In this example we just launch one locally, but you can just as well connect to existing one.

## Cluster sizing

Majority of the "work" is waiting for S3 data to arrive, so you would want to oversubscribe your cluster, i.e. have way more workers than there are CPUs, 8 workers per core is not unreasonable. 

Should you use threads or processes?

I recommend more threads, many threads per worker process allows sharing of common data more efficiently, the downside is [GIL](https://wiki.python.org/moin/GlobalInterpreterLock), so having too many threads might become problematic. Most of the time is spent waiting for HTTP data (from S3), GIL is released during this time. Ultimately one has to experiment to see what works best for your workload. Important message is: "don't be afraid to use more threads."

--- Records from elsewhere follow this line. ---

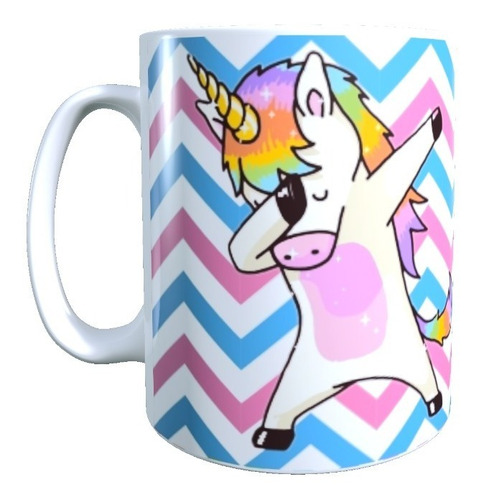 Taza - Tazón Diseño Unicornio Colores, 320 Cc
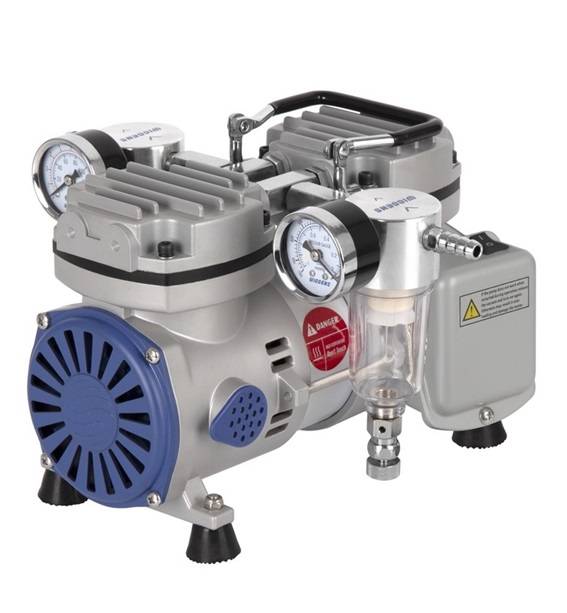 Bomba de Presión/ Vacío Impulsada por Pistón, Sin Aceite, Silenciosa. Modelo R430. Marca: BOECO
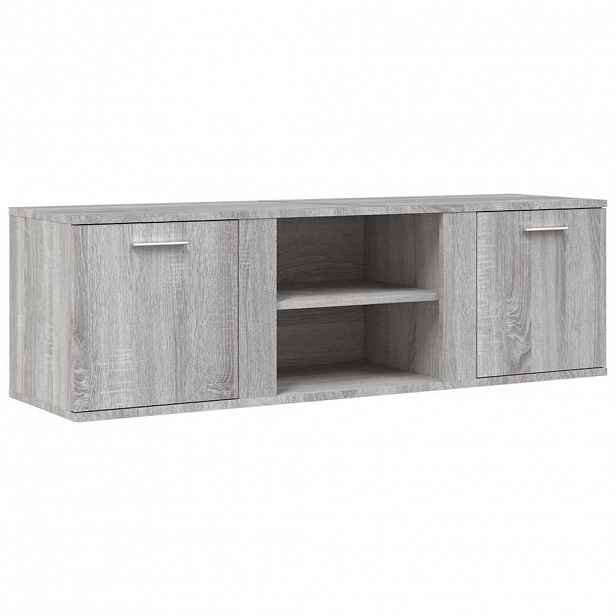vidaXL TV skříňka šedá sonoma 120 x 34 x 37 cm kompozitní dřevo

## Use local worker pool when still debugging

In the code below we launch local cluster in the same process that runs this notebook. This makes debugging any problems easier.

In [None]:
import dask
import dask.distributed

client = dask.distributed.Client(n_workers=1, 
                                 threads_per_worker=32, 
                                 processes=False, 
                                 ip='127.0.0.1')
client

# Configure Dask Cluster for S3 I/O

1. Configure GDAL for cloud access on every worker process
2. Check that we can obtain AWS credentials

## Note on STS

If using [STS](https://docs.aws.amazon.com/STS/latest/APIReference/Welcome.html) to obtain S3 access credenetials, you have to keep in mind the following:

- Every worker thread will obtain its own set of credentials (first time it does IO)
- Token expiry will cause I/O errors
- To force credential renewal you have to call `set_default_rio_config` again on every worker

Most robust and efficient way is to create a locked down set of credentials that can only read s3 buckets of interest and provision that to every worker (`~/.aws/{config|credentials}`)

In [None]:
def worker_setup_auto():
    from datacube.utils.rio import set_default_rio_config, activate_from_config
    
    # these settings will be applied in every worker thread
    set_default_rio_config(aws={'region_name': 'auto'},
                           cloud_defaults=True)
    
    # Force activation in the main thread
    # - Really just to test that configuration works
    # - Every worker thread will automatically run this again
    return activate_from_config()

# Runs once on every worker process, not per worker thread!
client.register_worker_callbacks(setup=worker_setup_auto)

In [None]:
from IPython.display import display
from types import SimpleNamespace
from datacube import Datacube
from odc.ui import show_datasets

dc = Datacube(env='gm')

cfg = SimpleNamespace(product='ls8_nbart_geomedian_annual',
                      time='2017',
                      crs='EPSG:3577',
                      resolution=(-32*25, 32*25), # 1/32 of native
                      dask_chunk=256,
                      measurements=('red', 'green', 'blue'))

In [None]:
%%time
dss = dc.find_datasets(product=cfg.product, time=cfg.time)
print('Found {:,} datasets'.format(len(dss)))

In [None]:
show_datasets(dss, mode='geojson')

## Lazy Dask Array

Construct lazy dask array, doesn't load pixels just yet.

In [None]:
%%time
xx = dc.load(product=cfg.product, 
             datasets=dss, 
             output_crs=cfg.crs,
             resolution=cfg.resolution,
             measurements=cfg.measurements,
             dask_chunks={'x': cfg.dask_chunk, 'y': cfg.dask_chunk})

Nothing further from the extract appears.